Okay, so much for posting something every week as per my original intentions. That didn’t last long, did it? In my defense, I’ve been plagued by a grotty cold and a series of migraines, in between which I’ve been trying to keep a handle on what I need to be doing rather than bothering to think about a blog entry to write.
When I think about it, I should have expected the migraines—they tend to plague me when I’m doing something upon which I’ve placed a high level of importance. I’ve written previously that my teaching career put me under great pressure at times and that I’d hoped I’d be able to manage my stress levels better when working under my own steam but so far I don’t seem to have been highly successful.
I think the reason for this is that my project, as I look at it now, seems so enormous and I feel like I’m getting nowhere. And Time continues to dribble away whether I feel good about it or not. I know the old adage that the way to eat an elephant is one bite at a time. But I’d like to add to that the thoughts of Andy Hunt (whose blog is really about programming but this post is relevant here, and anywhere really) who suggests that this idea may not be sustainable and really we should be asking why we need to eat an elephant in the first place.
So, why am I doing this?
- I guess the first reason comes down to personal challenge and fulfillment. I never thought I could study for a PhD in the past but my experience of writing an honours thesis seemed to convince me otherwise. I was always a fairly good student but I never thought of myself as particularly ‘clever’, I got good marks by working hard (I’m hoping the same will get me through this).
- The second reason is that when I am through it, I’ll be able to lecture—the thought of which fills me with dread at the moment the way teaching high school never did but I still think it’s something I’d like to do.
- Finally, but most importantly, I want to know.

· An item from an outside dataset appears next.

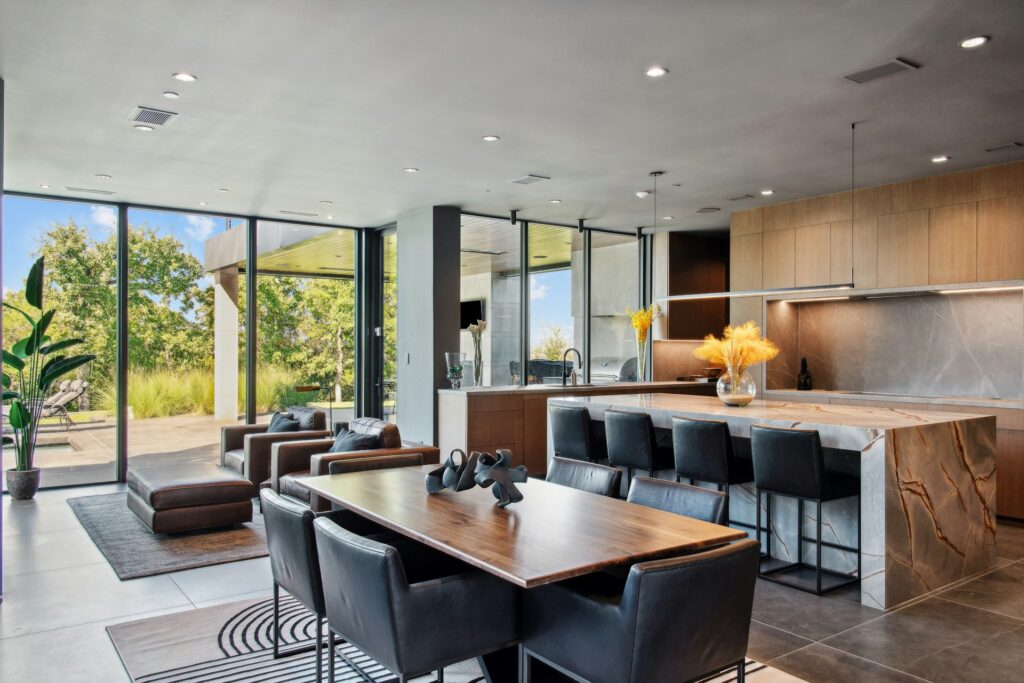 luxury home insurance valuation for custom finishes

I want to know how food preparation and the stories that go with it contribute to a culture; I want to know how collections of short stories might highlight similarities and differences between cultural groups; I want to know how honouring and valuing ‘women’s work’ can make a difference to their place within a society; I just want to know… lots of stuff really.
Anyway, once you know why & you’re sure you really must eat an elephant, Andy suggests: “…you're going to need a lot of friends. Or a lot of Tupperware.” So, here I am again, blogging & reaching out to my friends.